= Colville Delta =

River delta in northern Alaska, US

Colville Delta is a river delta in northern Alaska that flows into Harrison Bay. The delta is so flat that it has been said that it is indiscernible where the river ends and the ocean begins. The powerful outflow of the Colville River creates a shallow region that is rich with nutrients, making it ecologically significant for wildlife.

Map of the Harrison Bay and Colville River Delta region in the Beaufort Sea

==Geography==
The Colville River, approximately 350 mi long, flows from the De Long Mountains until it reaches the Alaska Native community of Nuiqsut, where it forms a broad delta.

==Fauna==
The waters of the Colville delta, along with the waters of Harrison Bay, make an ideal refuge for long-tailed ducks, king eiders, red-throated loons, Arctic terns, surf scoters, brant geese, and glaucous gulls. In summer and fall, migrating red-throated and yellow-billed loons and king and spectacled eiders stop in to rest and feed. Nearshore forage fish are important in Arctic food webs, linking energy from smaller prey items to larger predators like birds and marine mammals.
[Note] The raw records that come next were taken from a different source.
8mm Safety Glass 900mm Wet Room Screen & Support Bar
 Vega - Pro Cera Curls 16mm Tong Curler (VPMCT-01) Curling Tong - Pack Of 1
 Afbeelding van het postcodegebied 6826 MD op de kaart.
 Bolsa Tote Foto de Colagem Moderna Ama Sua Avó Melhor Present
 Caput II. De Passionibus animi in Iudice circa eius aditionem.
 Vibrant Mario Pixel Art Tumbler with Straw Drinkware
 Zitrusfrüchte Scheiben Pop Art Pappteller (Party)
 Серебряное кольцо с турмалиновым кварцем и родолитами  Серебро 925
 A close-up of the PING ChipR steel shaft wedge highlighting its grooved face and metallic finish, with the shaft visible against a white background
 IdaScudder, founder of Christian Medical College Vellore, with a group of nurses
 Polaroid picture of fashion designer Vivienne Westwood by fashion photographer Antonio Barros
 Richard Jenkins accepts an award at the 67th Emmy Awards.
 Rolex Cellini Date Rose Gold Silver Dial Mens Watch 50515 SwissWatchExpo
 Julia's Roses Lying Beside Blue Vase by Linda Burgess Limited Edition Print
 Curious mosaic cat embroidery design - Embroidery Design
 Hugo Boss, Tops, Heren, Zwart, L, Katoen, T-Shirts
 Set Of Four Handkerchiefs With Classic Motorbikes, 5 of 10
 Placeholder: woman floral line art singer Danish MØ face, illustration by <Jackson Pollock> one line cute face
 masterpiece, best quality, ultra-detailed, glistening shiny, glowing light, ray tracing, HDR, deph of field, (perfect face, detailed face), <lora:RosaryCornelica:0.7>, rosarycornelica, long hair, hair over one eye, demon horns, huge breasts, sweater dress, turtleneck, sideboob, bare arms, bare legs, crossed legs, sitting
Harrison Bay is important habitat for forage fish, such as Arctic cod and capelin.

In addition to the many birds, wintering polar bears hunt and feed on ice seals in the shore-fast ice, along open leads, or at openings in pack ice. Pregnant polar bears frequently build winter dens in and around the area

The Colville River used to host a small commercial fishery for Arctic ciscoes, and though the fishery is closed, the river delta is still potential habitat for Salmonidae fishes like broad whitefish and nearshore forage fishes like Arctic cod and capelin.